Outoor focus stack by Robert Berdan ©

Above I took two photographs 1) focused on the card and my hand, note the distant mountain is blurred 2) focused on the distant mountain, note my hand and card is blurred 3) Combined stack of the first two images in Photoshop now both the card and mountain are sharp and in focus. You could not achieve this using any F-stop as the card was only a few inches from my face. I hand held these shots but I recommend that you use a tripod. Photoshop is able to align images that are not in perfect alignment but I get better results by using a tripod. After stacking you may have to "fix" some areas of the image that don't blend perfectly - usually near edges.
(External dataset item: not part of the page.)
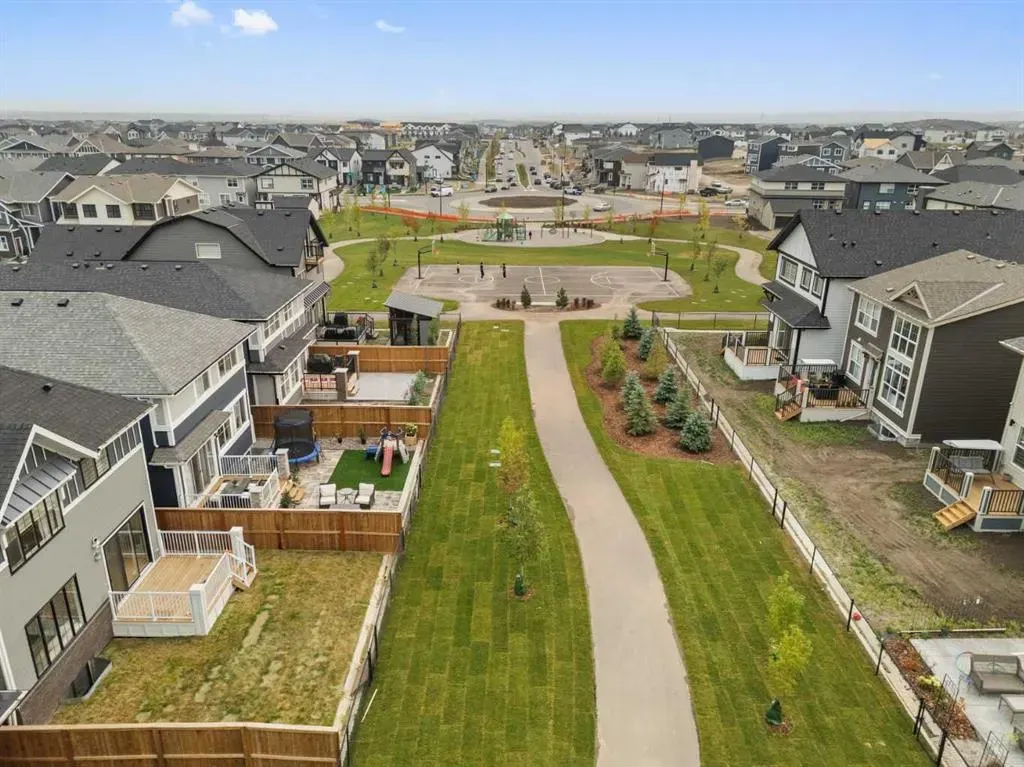 237 Magnolia Terrace SE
Landscape Two image focus stack Blaeberry Valley, BC Robert Berdan ©

Above is a two image focus stack from a scene in the Blaeberry Valley, BC. The two images were stacked in Photoshop, each image was taken at F16, 1\50 sec, ISO 200 with a 35 mm lens on a tripod. I took one shot focused on the flowers and one shot focused on the distant mountain and combined them in a focus stack. Stacking for landscapes can be useful and is easy to to do. In this instance I was fortunate that there was no wind, if there had been, stacking the images may not have worked so well, generally you need stationary subjects. I will describe different methods and software for stacking images below.


Software for Stacking Images

In looking for software to stack images I found that Adobe Photoshop CS6 to CC2017, Helicon Focus and Zerene Stacker appear to be popular programs for image stacking - all of these are commercial products, but the nice thing is that they all offer 30 free trial where you can test the software. I will list some of the other software below in my links that are free but I have not tested them. In searching for a stacking program the criteria I use to judge them are: 1) Quality of the rendered images 2) Ability to handle RAW files 3) Flexibility to modify and optimize the rendering process and output 4) Availability of other utilities and tools and 5) Ease of use. Some studies that compared Focus stack programs measured the time to process the image stacks. While speed is nice I am more interested in quality and I own a very fast computer (Alienware laptop with 16 GB RAM). All of the software I tested were comparable in speed of stacking and could stack 30 images in about 1-3 minutes. Had one program taken a hour or more to process my stacks I probably would not have considered it unless it did a really spectacular job.

Diatoms focus stacked comparing PHotoshop, Helicon Focus and Zerene Robert Berdan ©

Above I have stacked 13 images of a Diatom to increase the depth of field and show how Photoshop, Helicon and Zerene compare. The Photoshop and Helicon software images are comparable, the image stack produced in Zerene increased the thickness of the outline and does not appear as crisp as the other two.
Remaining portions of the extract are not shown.